There are a lot of race conditions in the current implementation of API level tdb transactions in samba/ctdb, i.e. in the ctdb backend to dbwrap. Under high load (concurrent transactions), transaction_commit calls fail and can in the worst case lead to corrupted local copies of ctdb databases. This problem has been debugged and fixed with a lot of pain in ctdb and the clustered samba branch v3-4-ctdb under git://git.samba.org/obnox/samba-ctdb.git Transactions were finally fixed around January 2010 and the corresponding changes have been pushed to master already in a sequence of commits. I will prepare a patchset that backports the fixes to 3.5 (which will mainly consist of picking the right commits from master) and attach it to this bug for review regarding inclusion in 3.5.2. Michael
Created attachment 5581 [details] Patchset to fix the transactions for 3.5 These are the transaction fixes that have been tested in the v3-4-ctdb branch and already pushed to master. These consist in the introduction of the global lock feature (g_lock) and a modification of the dbwrap_ctdb transaction code to use these global locks. The ctdb control CTDB_TRANS3_COMMIT that is new in ctdb version 1.0.109 is used here.

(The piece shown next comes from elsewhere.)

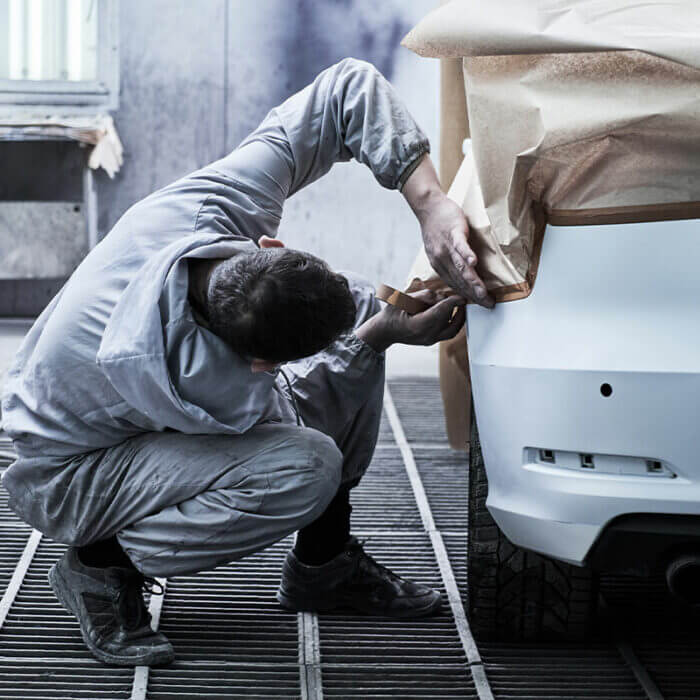Peinture voiture en cabine à La Farlède
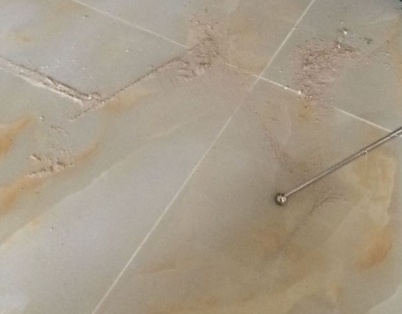 合阳瓷砖空鼓维修公司分享粘合剂选择不当在瓷砖铺贴过程中可能导致以下问题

(In reply to comment #1) > Created an attachment (id=5581) [details] > Patchset to fix the transactions for 3.5 > > These are the transaction fixes that have been tested in the v3-4-ctdb branch > and already pushed to master. These consist in the introduction of the global > lock feature (g_lock) and a modification of the dbwrap_ctdb transaction code to > use these global locks. The ctdb control CTDB_TRANS3_COMMIT that is new in ctdb > version 1.0.109 is used here. Note that this patchset depends on the patch for bug #7312. (Not the content but the patch does not apply without a minor modification without first applying the patch of that bug.)
Pushed to v3-5-test. Closing out bug report. Thanks!